I'm not sure I can sign on to your conclusion, "In the setting of an ACS, as long as beta-blockers are given in the first 24 hours, patients will get the maximum benefit. There is no advantage to giving them earlier in the ED."
I suspect this conclusion is based on Bugiardini, et al's 2015 study, "COMPARISON OF EARLY VERSUS DELAYED ORAL Β BLOCKERS IN ACUTE CORONARY SYNDROMES AND EFFECT ON OUTCOMES", which looked at "early" (</= 24hr) vs "late" (> 24 hr) administration of PO b-blocker in a large ACS population. This was a registry study (so causation can't be concluded), but it found early b-blocker administration in ACS patients was significantly associated with reduced in-hospital mortality and reduced incidence of severe LV dysfunction.

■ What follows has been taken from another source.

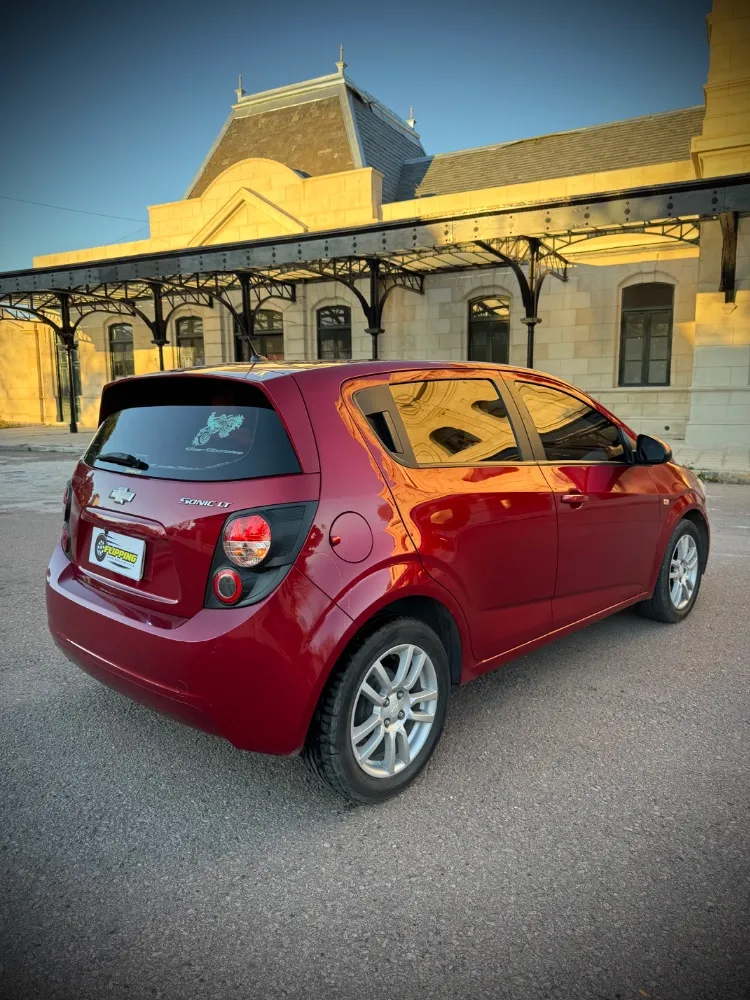 Chevrolet Sonic LT — foto 8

So, two objections to your above conclusion:1. No one has examined giving PO b-blocker in the ED for those with ACS vs giving it later on (but within 24 hr) in the admission, so you can' say we know there's "no advantage to giving them earlier in the ED".2. If you don't give it in the ED, there's no guarantee the in-hospital team will give it.
My take is that (as the paper says) as long at the pt is not presenting with pulmonary edema or cardiogenic shock, I try to give a single oral dose (say, metoprolol 25mg). I don't see a likely down side.